By combining the above, the scheme provides the following innovation points:
(1) Acquiring a key area text of a form by a bidirectional index positioning method, and realizing the association with form main body information, wherein on one hand, identification features are provided for the fusion of the follow-up form, and on the other hand, the unified comparison standard of the fused form is ensured; (2) Providing two methods for extracting topic information of the form, and identifying rules and entities; (3) Providing a multi-source heterogeneous table with different table titles and a two-dimensional table structure to be stored in a database by taking parameters such as topic information, position information and the like of the table as characteristic identifiers; (4) Providing the multi-source heterogeneous table data which are fused by table position information, key region similarity, table head and/or first column similarity, file name similarity and the like of the table data and storing the multi-source heterogeneous table data into a database; (5) The standardization and unification of the indexes are realized by using a standard index library and index similarity, and the quick retrieval and the comparative analysis of the indexes are supported; (6) And an automatic framework for realizing the recycling, the asset and the value of the fused table data in the multi-source heterogeneous PDF document is provided.
In summary, the method acquires the position of an initial table in a text list through bidirectional index positioning, extracts the text of a key area of the table in combination with the experience parameters of the key area of the table, formulates extraction rules or entity recognition model algorithms of the table title, the measurement unit and the currency unit, stores the analyzed and converted table in PDF documents of a plurality of sources into a database in a structure form of a two-dimensional list according to the attribute, the position information, the subject information and the main body data, realizes the association and matching of the subject information and the main body information of the table, fuses the heterogeneous standard tables of the plurality of sources according to the parameters such as the subject information and the position information of the table as identification characteristics, fuses the abnormal table according to the position information of the table, the similarity of the key area, the table head and/or the first similarity of the table data and the similarity of the file name, and stores the two-dimensional table structure into the database to support rapid retrieval and comparison analysis.

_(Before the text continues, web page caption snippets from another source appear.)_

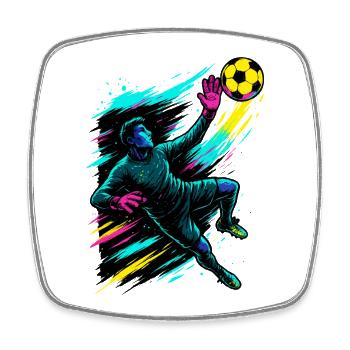 Art néon du gardien de but, cadeau football, temps fort - Magnet carré - blanc - Devant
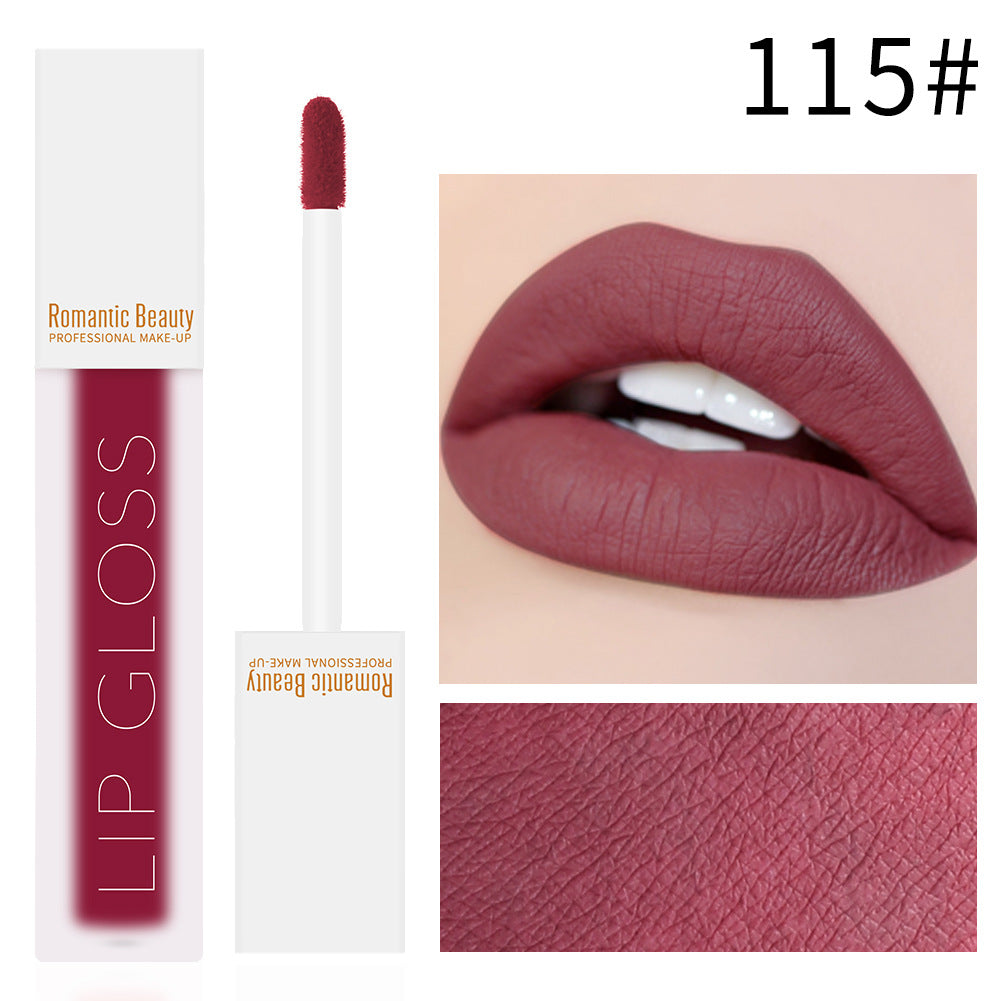 Velvet Matte Non-Stick Lip Glaze – Romantic Beauty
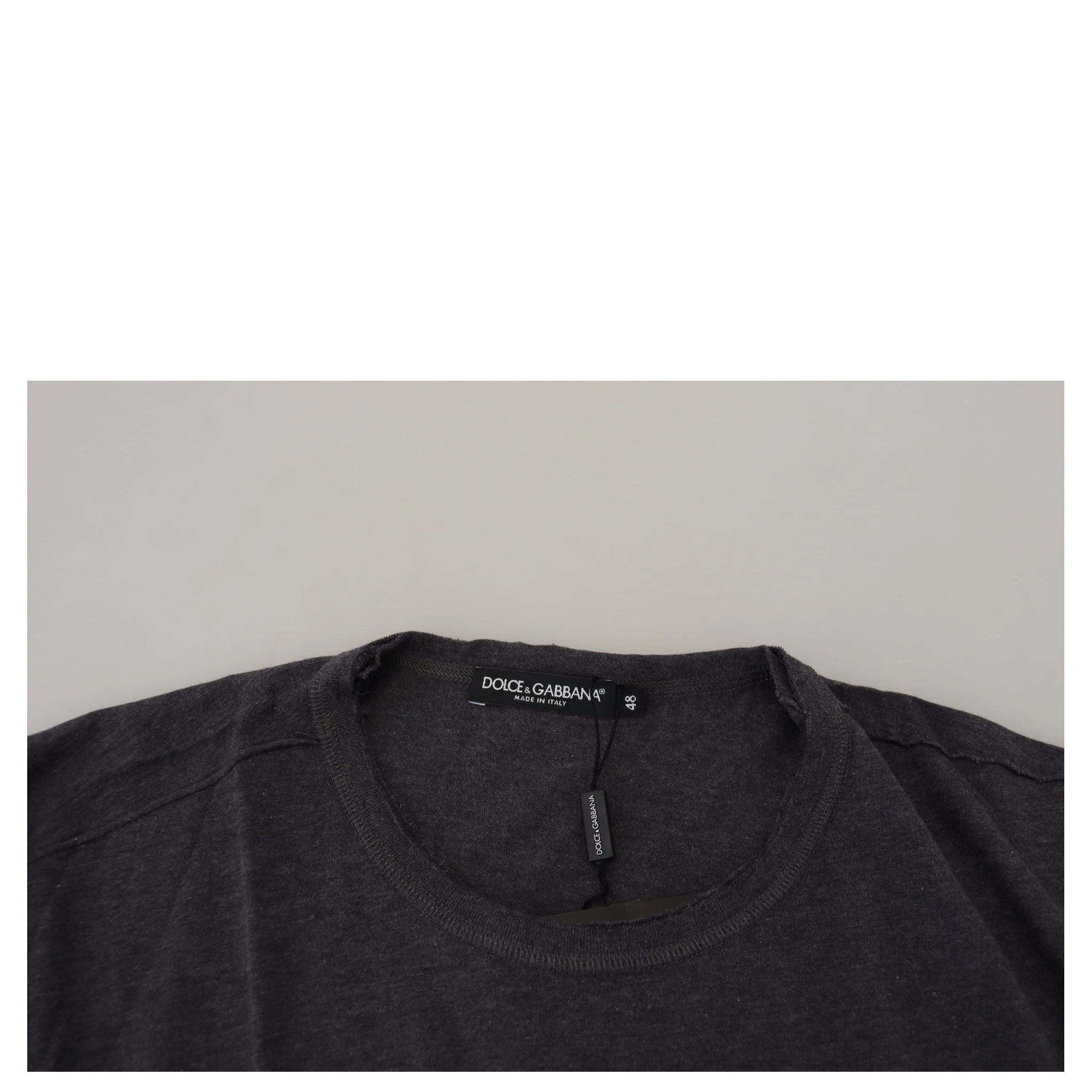 Gray Crewneck Cotton Short Sleeve T-shirt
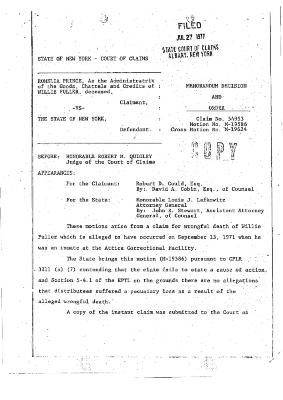 Memorandum Decision of the Honorable  Robert M. Quigley, concerning the Claim of Willie Fuller, State of New York Court of Claims, Claim 54953.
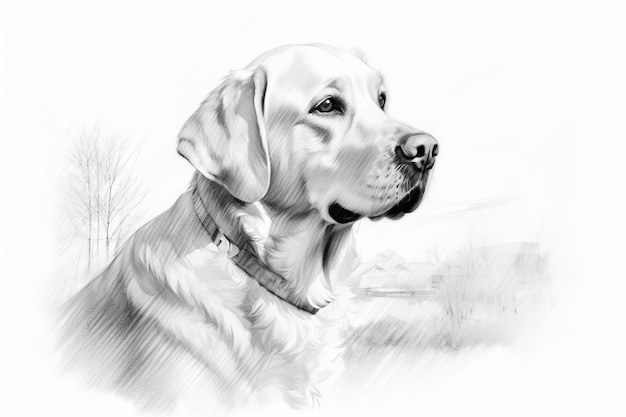 Dog Drawing Images background and copy space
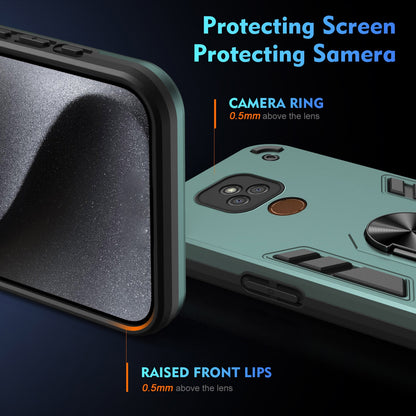 Motorola Moto E7 Plus Shockproof Metal Ring Holder Phone Case with 360 degrees Rotating Kickstand, Ultra Slim Protective Cover, Raised Camera Guard, PC Silicone Armour Shell, Anti-Scratch Back & Edge Protection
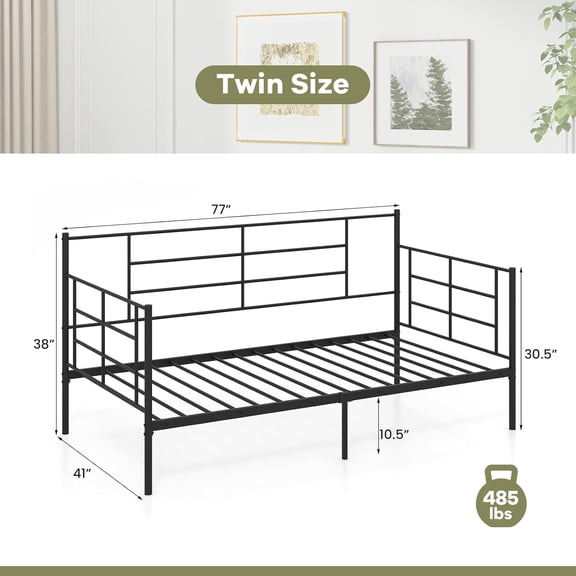 Metal Twin Daybed Frame, High Back Twin Size Bed Frames with Heavy-Duty Slats, Headboard, Sofa Bed Platform, Multifunctional Day Bed for Living Room, Guest Room, No Box Spring Needed, Black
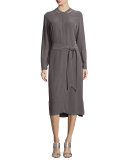 Long-Sleeve Silk Shirtdress, Petite  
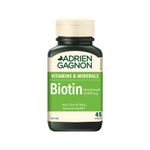 Adrien Gagnon - Biotin Ultra-Strength 10000 mcg, for Thicker Hair, Healthier Skin, and Stronger Nails, 45 softgels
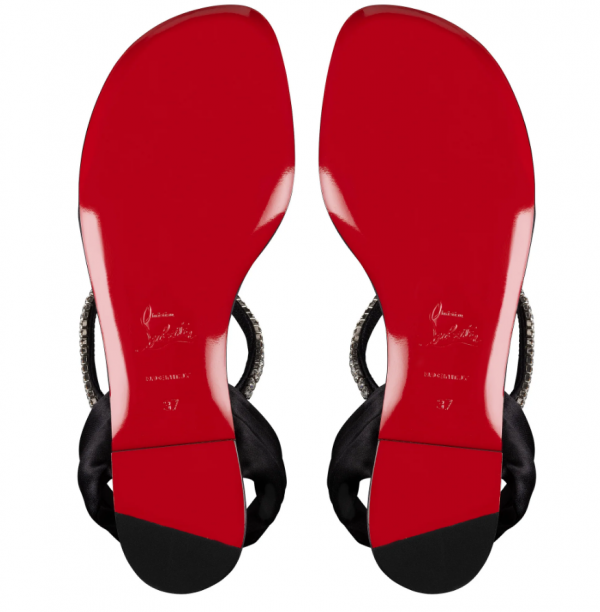 Christian Louboutin Just Queenie Du Desert Sandales Crêpe Satin Noir – Image 4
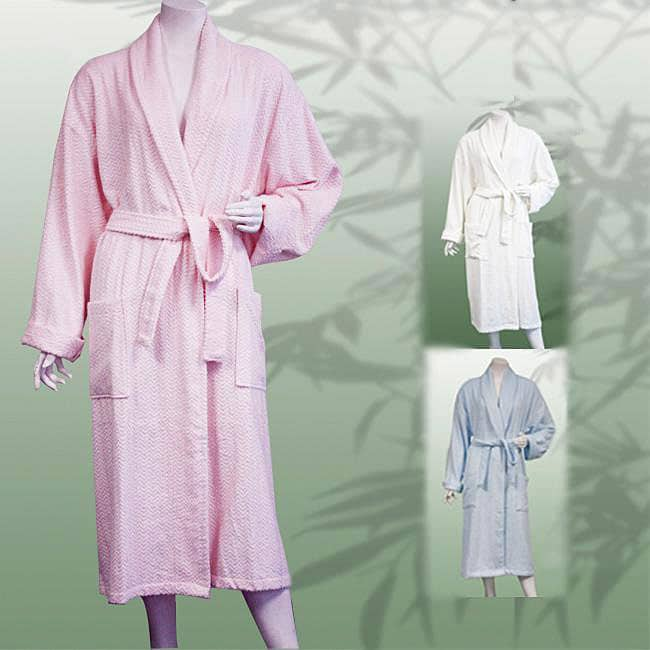 Leisureland Women's 47-inch Jacquard Bath Robe - White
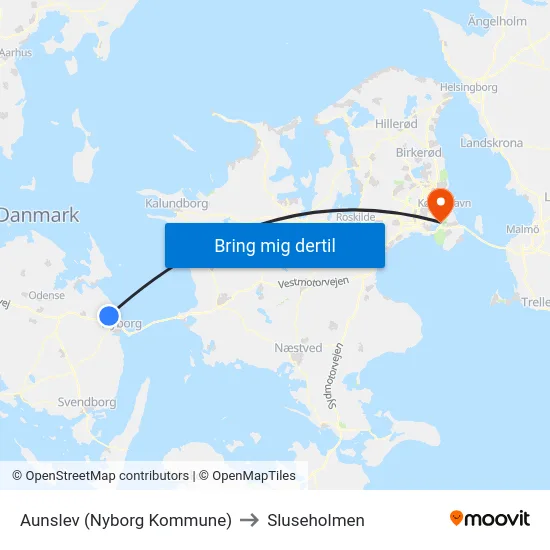 Aunslev (Nyborg Kommune) to Sluseholmen map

Corresponding to the above-mentioned method for processing the table data fusion for the PDF document, an embodiment of the present disclosure further provides a device for processing the table data fusion for the PDF document, as shown in fig. 7, where the device may include:
the parsing unit 702 is configured to parse the PDF documents to obtain a plurality of initial tables and a plurality of pages of text contents contained in each PDF document.
And a conversion unit 704, configured to convert the multi-page text content corresponding to each PDF document into a plurality of text lists, where a single text list includes a plurality of lines of text.
And a selecting unit 706, configured to select, from a plurality of text lists corresponding to each PDF document, a target text list corresponding to a page where each initial table included in the PDF document is located.
A determining unit 708 for determining fusion parameters of the respective initial forms included in the plurality of PDF documents.
The determination unit 708 includes:
a matching sub-module 7082, configured to, for any first initial table in each initial table, determine, at least by matching a top line of the first initial table with each line of text in the corresponding first target text list, a target position of the first initial table in the first target text list;
an extraction sub-module 7084, configured to extract, from the first target text list, the key region text of the first initial form at least according to the target location;
a determination sub-module 7086 is configured to determine fusion parameters of the first initial form based at least on the key region text.
And the storage unit 710 is configured to store the fusion parameters and the data contents of each initial table as each data row in the intermediate table.
And the fusion unit 712 is configured to fuse the data content in each data row based on the fusion parameters in each data row in the intermediate table, so as to obtain a fusion result.
In one embodiment, the matching submodule 7082 is specifically configured to:
each item of content of the first line of the first initial table is matched with each line of text in the first target text list respectively to determine each first position number corresponding to each item of content of the first line, and each first position number forms a first position array;
when each first position number is a continuous number series, calculating a first statistics based on each first position number, and taking the first statistics as a target position;
in the case where each first position number is a non-continuous number series, a second position array is determined based on an arbitrary row of the first initial table, a target sub-array is determined from the first position arrays based on the second position array, and a second statistic is calculated as a target position based on each first position number in the target sub-array.
In one embodiment, the matching submodule 7082 is also specifically configured to:
splitting the first position array into a plurality of subarrays, wherein each first position number in each subarray is a continuous number series;
and determining a sub array which is closest to the second average value of the second position array and smaller than the second average value in the plurality of sub arrays as a target sub array.
In one embodiment, the first statistics or the second statistics include any one of the following: maximum, minimum, mode, mean and median.
In one embodiment, the target location is a start line; the extraction sub-module 7084 is specifically configured to:
and extracting a preset line number of texts from the first target text list, starting from the initial line, as key region texts of the first initial table.
In one embodiment, a single initial table is used to record a certain class of subject indexes and index values, and the fusion parameters include a table title, where the table title indicates an index class;
the fusion unit 712 specifically is configured to:
grouping the data content in each data row according to the index category corresponding to each data row;
filling the index and index value contained in the data content of each group into the corresponding fusion table, so as to realize the fusion of each initial table according to the group, thereby obtaining a plurality of fusion tables;
a plurality of fusion tables are determined as fusion results.
In another embodiment, a single initial table is used to record a certain class of subject indicators and indicator values;
the fusion unit 712 specifically is configured to:
clustering the data content in each data row based on the fusion parameters in each data row to obtain a plurality of class clusters;
filling indexes and index values contained in the data content in each class cluster into corresponding fusion tables, so that the initial tables are fused according to the class clusters, and a plurality of fusion tables are obtained;
a plurality of fusion tables are determined as fusion results.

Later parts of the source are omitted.